Artigo: O Direito à Cidade - Travessias e Atravessamentos

O Direito à Cidade - Travessias e Atravessamentos

117 KM esse era o tamanho, aproximadamente, da minha travessia diária no início da faculdade. 

Atravessar a cidade pegando ônibus, trem, metrô e ainda precisar andar não era apenas a minha realidade, é, ainda hoje, a realidade de inúmeros jovens das periferias das cidades que ousam sonhar com algo diferente. 

Ver o dia nascer na brecha da janela do transporte público é entender que, como diz Emicida, muitas vezes o sol só vem depois. 

Hoje, a travessia “cidade” - Campo Grande não exige mais tantos meios de transporte, mas me traz uma série de sentimentos. Atravessar a Avenida Brasil me traz, muitas vezes, um choro que parece preso na garganta há muito tempo e que só agora encontrou espaço para desaguar.  

Uma angústia de perceber que a cidade não é para todos, e que por muito tempo não foi pra mim, que existem cidades dentro das cidades e que pra grande maioria da população está tudo bem ser assim

Direito à Cidade

Minha angústia é de saber que o direito à cidade, que é um direito humano, é violado todos os dias e achamos que tudo bem.

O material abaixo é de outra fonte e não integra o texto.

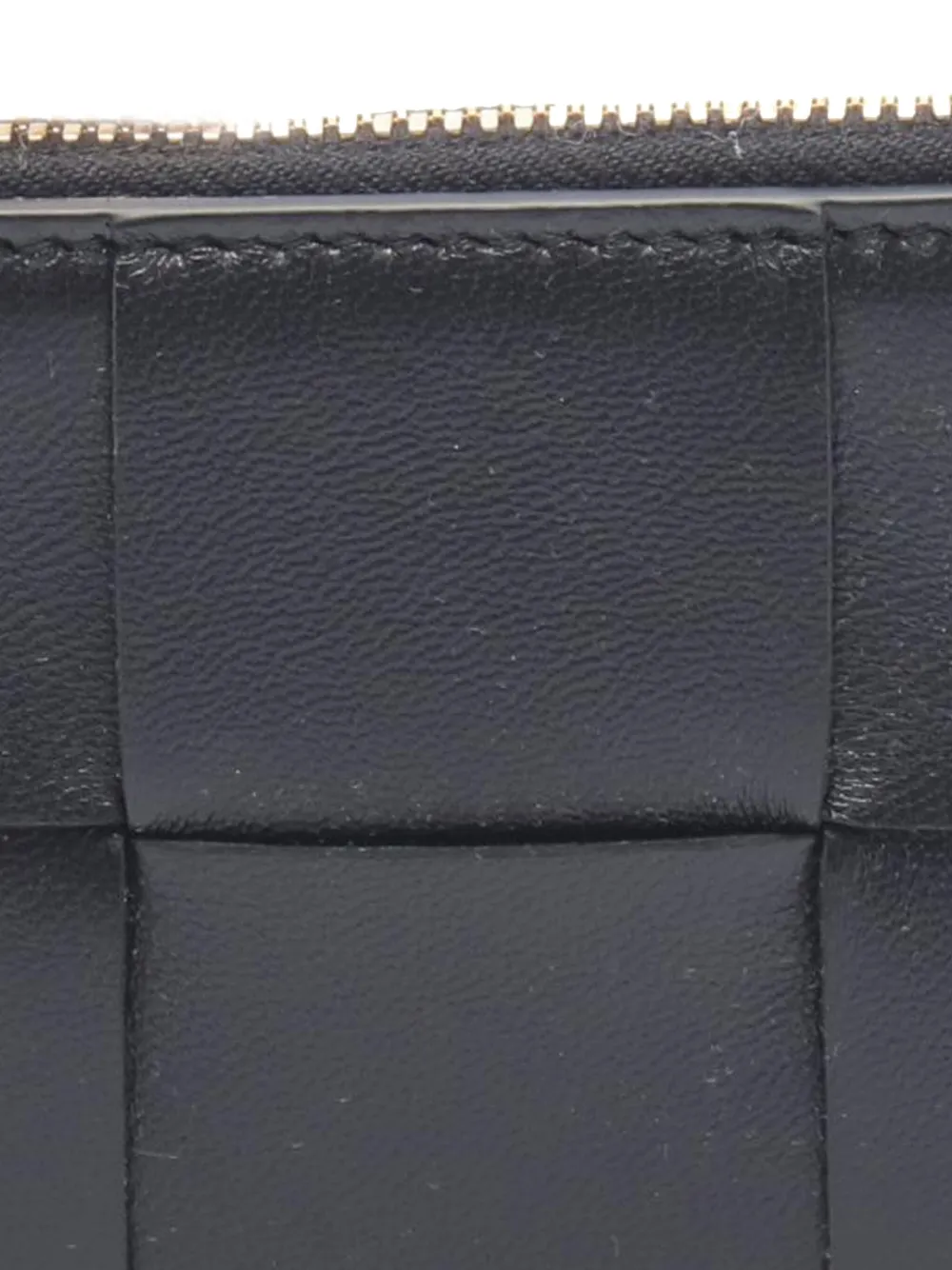 Pre-owned Bottega Veneta 2012-2025 Nappa Intreccio Cassette Zipped Case Card Holder In Black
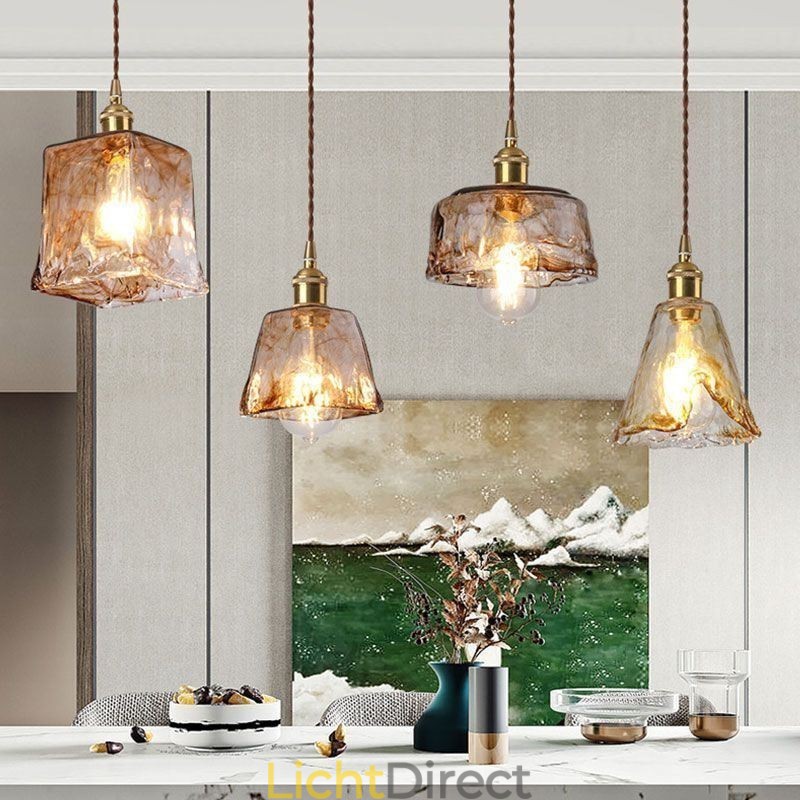 Unieke Mini Glazen Hanglamp Japanse Stijl Amberkleurige Decoratieve Verlichting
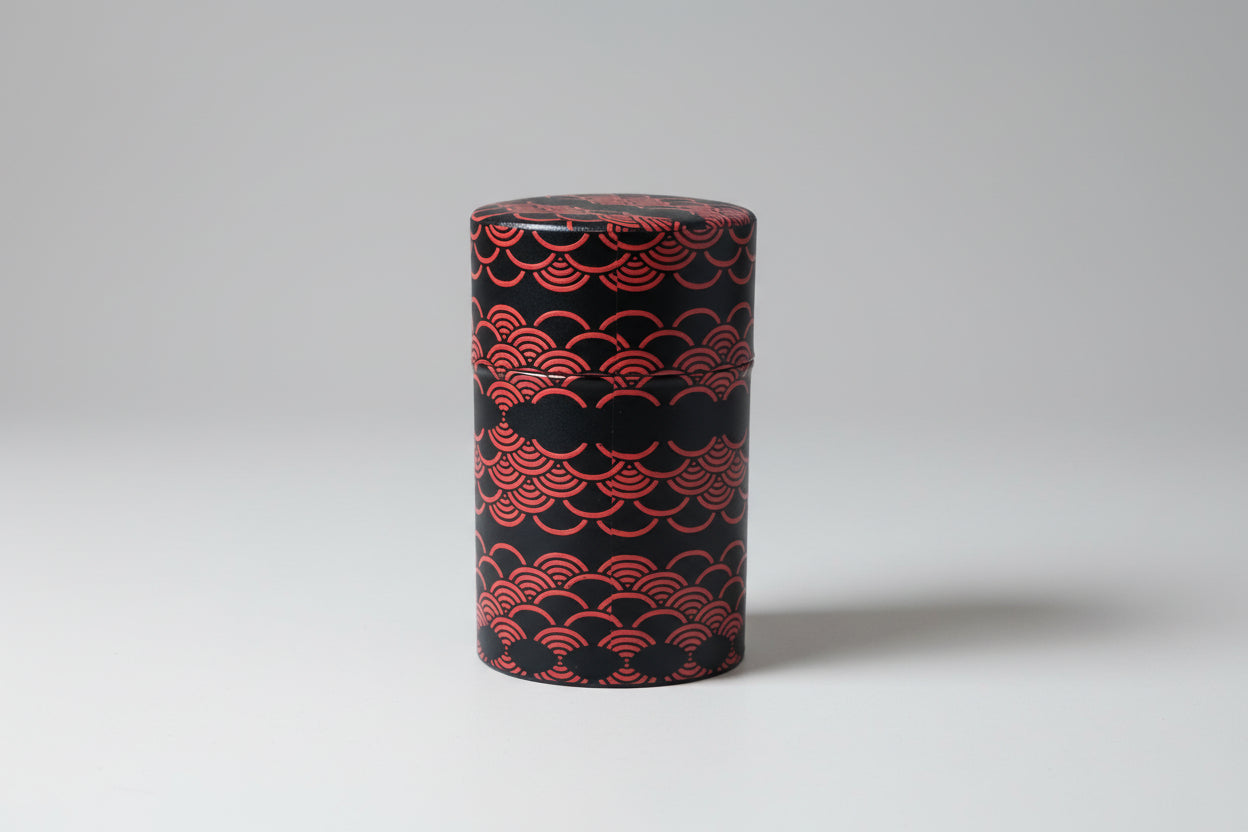 Japanese Tea Caddy – Seigaiha Red Edition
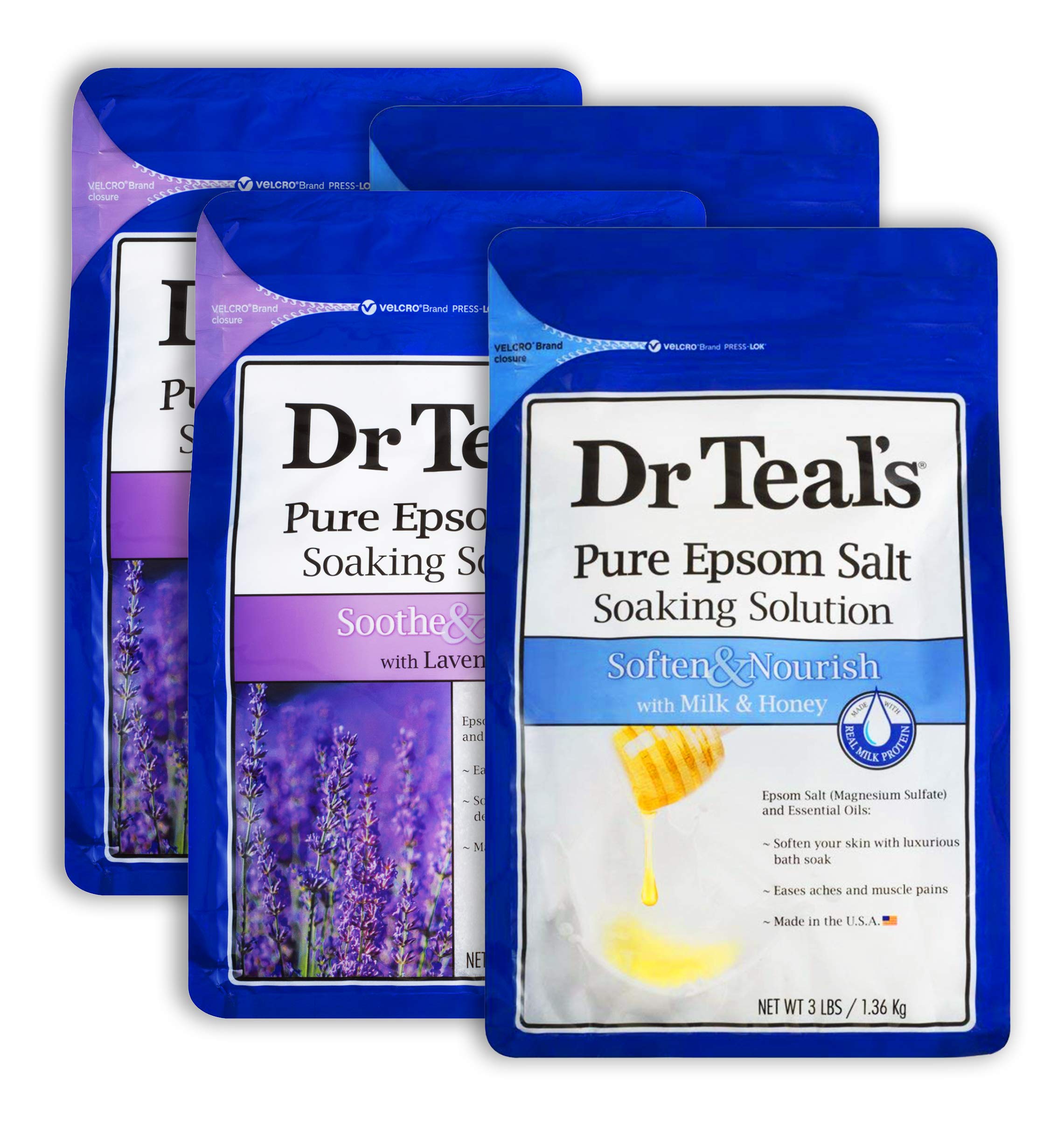 Dr Teal's Epsom Salt Bath Combo 4-Pack (12 lbs Total), Soothe & Sleep with Lavender, and Soften & Nourish with Milk & Honey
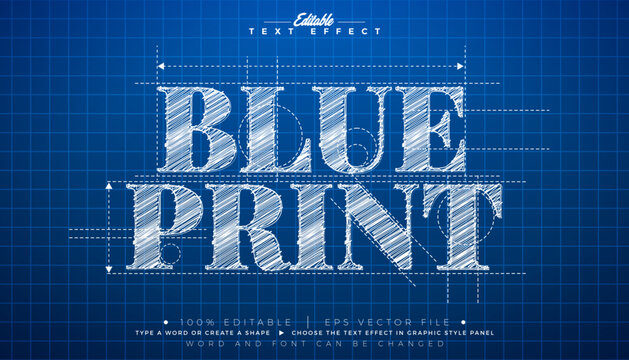 Blueprint Sketch Drawing Text Effect Design Vector Editable Illustrator Graphic Style Effect with Customizable Hand Drawn Font and Marker Line on Blue Checkered Paper Background. Vector Premium Typo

Achamos tudo bem não ter metrô direto da Pavuna para a zona sul aos finais de semana, achamos tudo bem pararem os ônibus do Jacaré no verão e retirar todos os jovens negros, achamos tudo bem falar em uma rede social que as praias deveriam ser pagas para evitar arrastões, entre outras coisas. Essas são apenas algumas das muitas outras barbáries que são ditas em nome da segurança pública e da manutenção da cidade - privilégio. 

Uma foto tirada no interior de um ônibus

A minha angústia é sentir a simpatia seletiva e elitista do carioca que só vai olhar para a periferia durante o Carnaval, que é quando fica cool ir ao bloco no subúrbio. 

Minha vida é composta por atravessamentos e grandes travessias, cresci andando de carro com meu pai enquanto ele atravessava a cidade trabalhando.  

Meu pai que estudou até a oitava série e que me ensinou muito cedo que a vida é para aqueles que têm "coragem” de atravessar a cidade e as estatísticas. 

Se Caetano vai cantar que alguma coisa acontece em seu coração quando ele cruza a Ipiranga com a Avenida São João, eu canto que alguma coisa acontece no meu coração ao cruzar a Avenida Brasil.  

Alguma coisa acontece quando cruzamos a linha do preconceito e atravessamos a cidade, alguma coisa acontece quando retiramos o filtro colorido e conseguimos ver a fratura exposta que a desigualdade social proporciona na nossa cidade. Alguma coisa está acontecendo agora e espero que você possa sentir.